Lifting the lid on lobbyists
It is time Parliaments joined Governments to ensure all professional lobbyists are registered. All lobbyists should be required to adhere to a code of conduct. And interest groups and think tanks should be required to disclose who their members and donors are.
Recent developments in the debate about plain packaging of tobacco and carbon pricing have in turn kicked off a debate about the role of lobbyists, interest groups and think tanks. In particular, who influences the influencers?
Political parties have for many years been required to disclose significant donors. The current debate is about the threshold at which donations should be disclosed.
Some jurisdictions, like New South Wales, have introduced stricter disclosure laws for industries where concern about inappropriate conduct been persistent, such as property development. Importantly, both the recipient political party and the person making the donation are required to make a disclosure.
In more recent years, Registers of Lobbyists have required third party lobbying firms - including companies like Hawker Britton - to disclose who our clients are. This ensures that when we speak to Government, Government knows who we are speaking on behalf of. Hawker Britton has consistently supported these reforms. These reforms should be extended to others who regularly speak to government about their clients’ interests, such as lawyers, accountants and town planners.
Lobbyists are also required to adhere to a code of conduct, with the implicit understanding that anyone in breach of the code runs the risk of being denied registration and thus the ability to lobby Ministers, their staff and public servants. However, key decisions on issues like tobacco and carbon pricing are also made by our Parliaments – not just Governments – by Oppositions, minor parties and independents.
It is time Parliaments also adopted Registers of Lobbyists to ensure the same standards that apply to the Executive also apply to the Legislature.
And the code of conduct should be extended to all lobbyists – not just third party lobbyists. Inappropriate conduct by a person lobbying government is inappropriate regardless of whether you are an employee or an agent of a company or interest group.
Focus is also rightly turning to the various industry associations, interest groups and think tanks. Most industry association are proud to declare who their members are and the interests they represent. It is an essential part of their marketing and informs government about their ability to bring together a range of interests for the benefit of policy development. Bodies like the Business Council of Australia, the Australian Industry Group and the Minerals Council of Australia are happy to do this.
But bodies have also been established that seek to hide from government, the media and the public who or what these organisations really are. It is one thing for tobacco companies to argue their case themselves or through an identifiable industry association; it is another to pass off an interest group as representing small retailers if big tobacco is really funding it.
Concern is also growing about the role of think tanks and whether they are “independent” or not. These concerns have been expressed about think tanks occupying the political spectrum, from GetUp! and the Climate Institute to the Centre for Independent Studies and the H.R Nicholls Society.
Most think tanks claim to represent an intellectual or philosophical perspective and thus assert their opinions cannot be bought. We all hope that is true. But even if you accept that that the views expressed by these think tanks are genuine, their focus, size, research capabilities and influence in the public debate are all inevitably linked to how much money they have.

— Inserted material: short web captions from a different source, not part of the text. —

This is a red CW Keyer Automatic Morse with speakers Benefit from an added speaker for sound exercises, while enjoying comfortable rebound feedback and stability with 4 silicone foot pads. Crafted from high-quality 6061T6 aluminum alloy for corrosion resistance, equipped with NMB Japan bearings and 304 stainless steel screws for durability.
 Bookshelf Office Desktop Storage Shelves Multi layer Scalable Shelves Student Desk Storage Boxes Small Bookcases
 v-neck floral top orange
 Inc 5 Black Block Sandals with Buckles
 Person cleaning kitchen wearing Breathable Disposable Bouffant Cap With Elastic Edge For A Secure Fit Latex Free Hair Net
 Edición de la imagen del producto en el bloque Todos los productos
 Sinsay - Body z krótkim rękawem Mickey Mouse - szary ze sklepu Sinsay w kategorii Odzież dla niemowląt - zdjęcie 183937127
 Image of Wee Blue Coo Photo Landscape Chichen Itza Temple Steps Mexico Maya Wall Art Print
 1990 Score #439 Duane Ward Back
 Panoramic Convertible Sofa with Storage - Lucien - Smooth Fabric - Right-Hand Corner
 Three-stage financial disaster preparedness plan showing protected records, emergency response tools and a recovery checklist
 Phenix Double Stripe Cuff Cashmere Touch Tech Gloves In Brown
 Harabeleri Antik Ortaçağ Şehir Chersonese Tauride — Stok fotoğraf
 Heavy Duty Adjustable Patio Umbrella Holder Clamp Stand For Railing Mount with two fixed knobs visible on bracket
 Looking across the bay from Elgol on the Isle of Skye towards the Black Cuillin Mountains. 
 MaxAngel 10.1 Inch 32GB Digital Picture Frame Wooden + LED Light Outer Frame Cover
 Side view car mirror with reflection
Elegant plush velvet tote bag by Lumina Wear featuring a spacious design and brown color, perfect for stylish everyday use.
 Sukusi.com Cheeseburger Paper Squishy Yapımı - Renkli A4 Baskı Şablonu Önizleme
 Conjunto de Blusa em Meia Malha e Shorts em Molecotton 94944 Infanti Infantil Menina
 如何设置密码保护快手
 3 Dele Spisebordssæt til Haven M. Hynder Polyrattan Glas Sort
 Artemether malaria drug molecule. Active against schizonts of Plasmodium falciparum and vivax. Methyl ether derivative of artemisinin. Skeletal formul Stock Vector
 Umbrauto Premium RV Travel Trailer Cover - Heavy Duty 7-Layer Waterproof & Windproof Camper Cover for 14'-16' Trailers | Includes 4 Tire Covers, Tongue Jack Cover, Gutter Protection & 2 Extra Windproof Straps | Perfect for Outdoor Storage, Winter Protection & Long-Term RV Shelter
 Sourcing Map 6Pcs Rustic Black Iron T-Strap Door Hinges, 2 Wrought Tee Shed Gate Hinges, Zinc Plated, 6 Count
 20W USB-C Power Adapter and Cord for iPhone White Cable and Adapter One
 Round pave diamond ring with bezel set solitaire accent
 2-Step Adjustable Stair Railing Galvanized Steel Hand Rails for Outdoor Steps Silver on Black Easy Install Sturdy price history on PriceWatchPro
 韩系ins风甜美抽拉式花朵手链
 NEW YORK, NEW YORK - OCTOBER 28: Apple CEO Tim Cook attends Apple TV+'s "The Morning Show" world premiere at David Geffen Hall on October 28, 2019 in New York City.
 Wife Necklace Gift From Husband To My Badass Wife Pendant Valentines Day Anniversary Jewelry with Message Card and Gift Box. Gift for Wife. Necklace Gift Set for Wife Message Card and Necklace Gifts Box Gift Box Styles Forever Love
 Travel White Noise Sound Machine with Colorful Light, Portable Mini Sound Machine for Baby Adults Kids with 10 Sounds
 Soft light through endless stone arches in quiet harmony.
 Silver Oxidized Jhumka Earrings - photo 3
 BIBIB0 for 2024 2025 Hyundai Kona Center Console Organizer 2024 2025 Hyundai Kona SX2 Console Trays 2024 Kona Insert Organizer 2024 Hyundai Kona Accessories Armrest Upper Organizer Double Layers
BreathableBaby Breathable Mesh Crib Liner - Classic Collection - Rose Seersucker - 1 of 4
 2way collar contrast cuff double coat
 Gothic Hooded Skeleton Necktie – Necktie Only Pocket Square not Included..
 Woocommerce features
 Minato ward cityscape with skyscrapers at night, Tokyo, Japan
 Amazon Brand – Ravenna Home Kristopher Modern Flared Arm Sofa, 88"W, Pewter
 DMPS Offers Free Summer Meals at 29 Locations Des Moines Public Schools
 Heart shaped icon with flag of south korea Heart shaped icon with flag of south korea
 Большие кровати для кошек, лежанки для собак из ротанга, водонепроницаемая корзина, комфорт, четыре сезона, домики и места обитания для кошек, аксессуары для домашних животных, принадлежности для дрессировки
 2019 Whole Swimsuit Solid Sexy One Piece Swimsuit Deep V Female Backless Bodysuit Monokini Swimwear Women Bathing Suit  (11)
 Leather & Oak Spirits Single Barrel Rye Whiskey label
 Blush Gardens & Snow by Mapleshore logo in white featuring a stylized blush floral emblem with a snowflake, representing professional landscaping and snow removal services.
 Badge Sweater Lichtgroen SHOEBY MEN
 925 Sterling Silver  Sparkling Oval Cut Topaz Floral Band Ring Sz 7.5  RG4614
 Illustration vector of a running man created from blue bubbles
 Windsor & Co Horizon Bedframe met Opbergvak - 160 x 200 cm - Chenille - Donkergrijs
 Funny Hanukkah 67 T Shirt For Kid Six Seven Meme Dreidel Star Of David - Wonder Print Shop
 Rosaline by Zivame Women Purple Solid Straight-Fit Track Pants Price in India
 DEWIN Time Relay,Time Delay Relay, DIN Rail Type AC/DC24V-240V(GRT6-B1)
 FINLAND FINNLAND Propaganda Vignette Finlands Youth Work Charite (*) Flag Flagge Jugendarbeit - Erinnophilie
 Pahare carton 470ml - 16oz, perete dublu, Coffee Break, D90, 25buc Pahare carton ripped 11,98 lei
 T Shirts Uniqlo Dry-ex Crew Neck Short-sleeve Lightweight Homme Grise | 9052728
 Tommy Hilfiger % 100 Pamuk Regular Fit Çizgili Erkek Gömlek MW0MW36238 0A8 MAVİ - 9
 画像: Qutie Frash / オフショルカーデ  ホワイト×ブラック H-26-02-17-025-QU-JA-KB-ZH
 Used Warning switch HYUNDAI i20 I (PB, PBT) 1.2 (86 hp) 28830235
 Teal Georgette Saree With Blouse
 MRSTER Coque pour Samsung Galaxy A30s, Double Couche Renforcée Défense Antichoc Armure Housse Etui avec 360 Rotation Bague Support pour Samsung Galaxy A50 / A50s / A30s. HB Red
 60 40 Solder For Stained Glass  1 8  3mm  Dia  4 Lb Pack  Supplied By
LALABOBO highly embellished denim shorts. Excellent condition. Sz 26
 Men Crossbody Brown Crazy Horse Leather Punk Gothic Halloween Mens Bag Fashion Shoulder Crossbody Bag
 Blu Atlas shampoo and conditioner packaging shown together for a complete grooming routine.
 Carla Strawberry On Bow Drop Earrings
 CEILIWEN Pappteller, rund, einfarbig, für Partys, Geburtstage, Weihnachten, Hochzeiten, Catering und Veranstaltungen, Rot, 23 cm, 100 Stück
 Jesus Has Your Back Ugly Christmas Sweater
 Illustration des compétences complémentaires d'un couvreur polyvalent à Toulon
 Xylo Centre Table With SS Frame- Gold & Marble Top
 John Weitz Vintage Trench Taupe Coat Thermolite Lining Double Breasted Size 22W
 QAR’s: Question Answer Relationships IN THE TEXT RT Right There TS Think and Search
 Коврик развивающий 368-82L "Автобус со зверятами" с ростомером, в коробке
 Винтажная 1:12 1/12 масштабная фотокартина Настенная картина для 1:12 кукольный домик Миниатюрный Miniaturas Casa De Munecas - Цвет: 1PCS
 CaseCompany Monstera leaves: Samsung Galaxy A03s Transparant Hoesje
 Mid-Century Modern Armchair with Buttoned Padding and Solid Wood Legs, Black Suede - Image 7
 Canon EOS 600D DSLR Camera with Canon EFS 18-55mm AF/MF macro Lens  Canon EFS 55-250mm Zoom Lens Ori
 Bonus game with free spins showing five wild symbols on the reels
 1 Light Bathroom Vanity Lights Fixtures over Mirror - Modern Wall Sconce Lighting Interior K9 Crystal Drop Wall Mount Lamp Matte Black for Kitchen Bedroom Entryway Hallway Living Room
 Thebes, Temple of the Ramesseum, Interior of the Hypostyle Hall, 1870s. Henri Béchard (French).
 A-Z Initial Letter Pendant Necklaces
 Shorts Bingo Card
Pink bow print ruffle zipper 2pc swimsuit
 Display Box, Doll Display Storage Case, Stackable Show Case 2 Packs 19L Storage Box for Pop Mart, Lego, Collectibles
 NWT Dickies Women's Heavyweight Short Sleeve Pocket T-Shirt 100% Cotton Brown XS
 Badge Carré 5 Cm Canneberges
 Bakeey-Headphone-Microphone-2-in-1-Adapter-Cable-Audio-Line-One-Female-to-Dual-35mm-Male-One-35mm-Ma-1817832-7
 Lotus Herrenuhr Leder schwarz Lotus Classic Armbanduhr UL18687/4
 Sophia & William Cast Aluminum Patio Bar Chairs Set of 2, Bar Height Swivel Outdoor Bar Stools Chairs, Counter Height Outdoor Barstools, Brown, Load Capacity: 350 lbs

The most obvious and recent example, is the persistent failure of the Institute of Public Affairs (IPA) to disclose whether it is funded by tobacco companies, despite repeated public comments on the merits of plain packaging.
The reasons given by the IPA is that donors have been threatened in the past and that Australia, unlike the US does not have the ‘maturity’ of political culture for the public to know. The same arguments would deny Australians the right to know who makes donations to political parties. Threats should be exposed and dealt with using the full force of the law, not lead to a culture of secrecy. No-one could seriously argue that the big tobacco companies would be afraid of such threats. And to claim that Australia’s political culture is not as developed as the US, it both insulting and wrong.
Governments and Parliaments have an obligation to ensure that those who seek to influence political outcomes are required to say who they are. As decision-makers or as citizens we can then judge the weight to give those opinions. Governments, Parliaments and journalists all have the means to do so.
Quite simply, they can refuse to receive submissions or publish comments or opinions from industry associations, interest groups and think tanks that refuse to make appropriate disclosure. At the very least, they could indicate that the organisation has not adequately disclosed its funding. Put simply, it is hard to influence when no-one is willing to listen.